In a few months, he'll be in Flint, Mich., to portray William Jennings Bryan in the feature movie "Alleged." This drama is about the famous Scopes "monkey trial" where he argues with the great Clarence Darrow about the origins of man. Brian Dennehy will play the Darrow role.

Hmmm, talk about typecasting -- Fred Thompson as William Jennings Bryan!

SOPRANO Danielle de Niese knocked them dead last night down at Le Poisson Rouge on Bleeker Street in Greenwich Village. This performance kicked off the singer's new hotly anticipated Decca recording, "The Mozart Album." She squeezed it in on her night off from her adorable performance as saucy Susanna in "The Marriage of Figaro" at the Metropolitan Opera.

Danielle, born in Australia, raised in L.A. is of Sri Lankan and Dutch parentage. She got her first break at age nine when she won a competition with a Whitney Houston medley. Danielle is in the tradition of the new opera stars -- beautiful and trim and, in December, she'll be marrying Gus Christie, the Englishman who runs the prestigious Glyndebourne Opera Festival.

This is a big week in New York for opera buffs. The late great Beverly Sills' collection of gowns, paintings, opera scores, jewelry and everything else she garnered in a lifetime goes on sale at the Doyle Galleries this very day. Bidding will be especially hot for a helmet that the Wagner Society is bent on nabbing for its own.

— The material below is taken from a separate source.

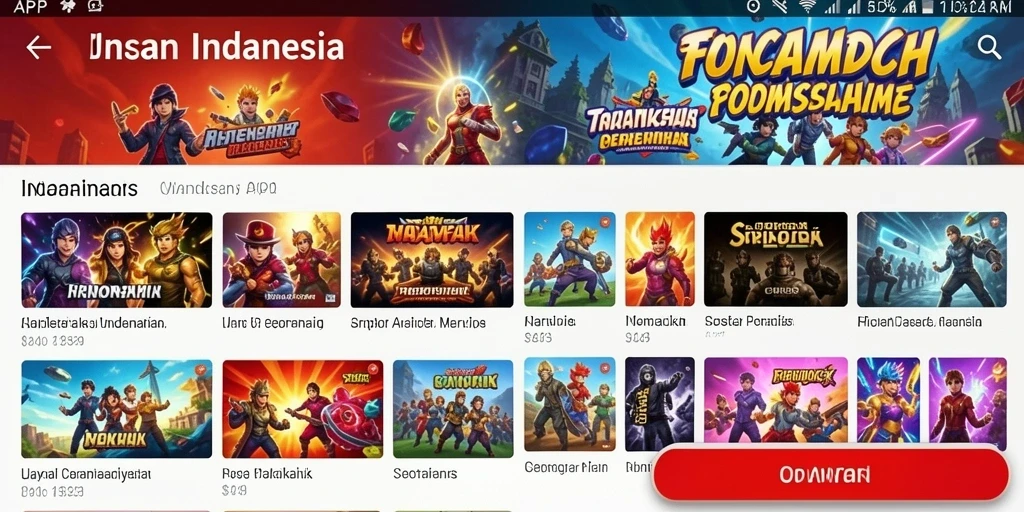 Tantangan menarik di setiap level.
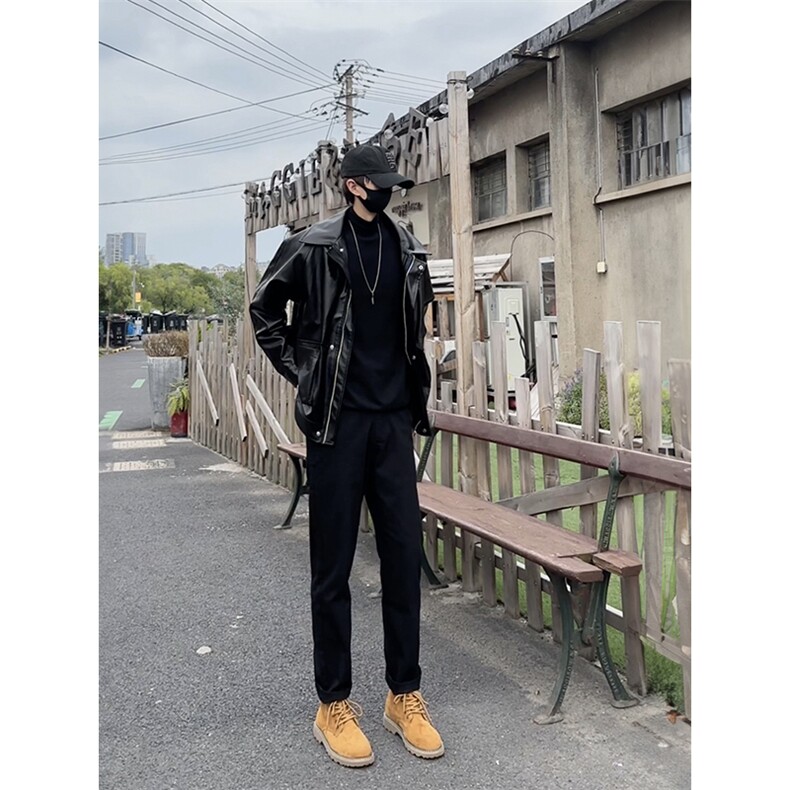 搭配马丁靴的休闲裤男秋冬仿牛仔裤机车风痞帅1412-2/612/P48,男装牛仔裤,星座1412-2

ARGUMENTS as to whether filmmaker Roman Polanski should get what he deserves or just waltz off into the sunset scot-free after all these years are dominating dinner tables.

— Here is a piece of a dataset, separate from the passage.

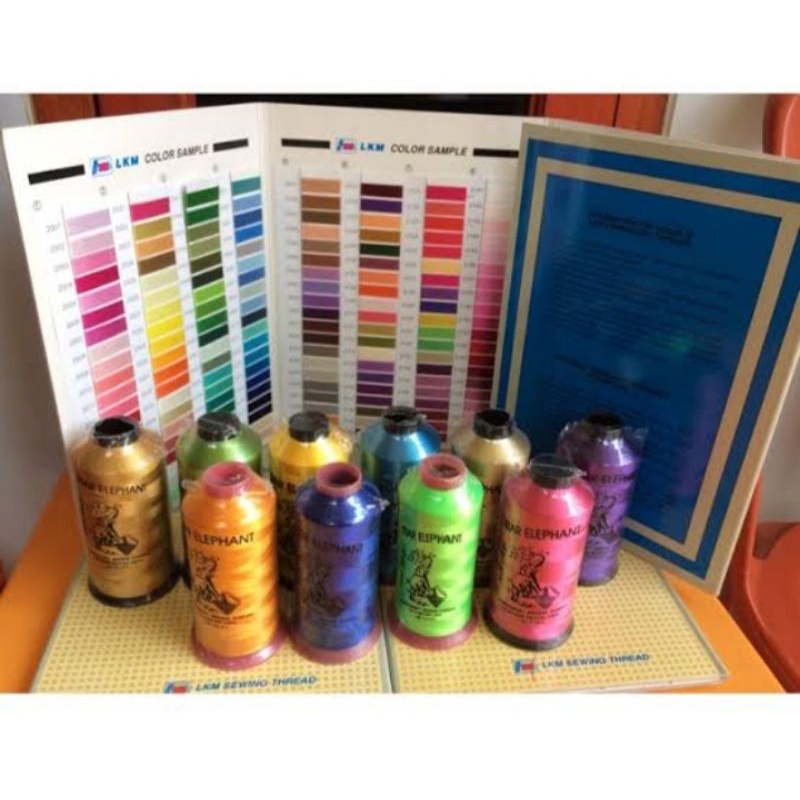 Benang bordir star elephant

But it looks as if about 80 percent of people polled think he should face the music, at last, and only the show biz crowd (ever tender-hearted) and European intellectuals are on his side.

Any day now, we will have on Wow a "Conversation" where Julia Reed, Joan Juliet Buck and yours truly debate this matter. Here are some points I wasn't smart enough to make in regard to that argument as it was happening:

Polanski acknowledged in his 1984 memoir that he caused his young 13-year-old victim "considerable pain" when he committed statutory rape on her in Hollywood. He made her submit to oral and vaginal sex, plus sodomy. But according to his biographer Chris Sandford he made little or no visible show of contrition. He was warned at the time to limit his public appearances with "nubile young actresses" during the trial. Polanski said back then that he was "a hard-working professional obliged to deal with these distractions."

After he fled from L.A. he continued to denounce what he called "bureaucratic interference" in his life.

When he left France for trips to off-limits Holland or Switzerland, he was heard to say, "I'll be home again before there's any legal nonsense." He even bought a home in Gstaad.

Sandford remarks: "No wonder, perhaps, that one of Polanski's friends told me last week that 'Roman had possibly come to believe over the last 30 years that he was less and less bound by any restrictions on his liberty." The biographer adds a P.S. "If so, it's an assumption that may yet be tested by events in the weeks ahead."

WE REPORTED here that Mariah Carey would be making an unusual Christmas album with her opera singer mother. Our friend Perez Hilton picked it up and kindly linked the story to our Wow Website. Thank you, Perez!

SPEAKING OF Christmas music, we can break the news that Barry Manilow has re-signed with Arista Records, and his first release will be "In the Swing of Christmas," which arrives in stores on Oct. 13. It'll include Barry's take on all the classics -- "Have Yourself a Merry Little Christmas," "Silver Bells," "Count Your Blessings," etc. And also Manilow's original composition "Christmas is Just Around the Corner."

In January, just as we are recovering from all the enforced goodwill, overeating and over-gifting of the holidays, Barry comes out with another CD from Arista, "The Greatest Love Songs of All Time." We don't have a track listing yet, but Barry's no slouch at recognizing a romantic tune; the album is sure to be chock full of songs to make the heart swell and break.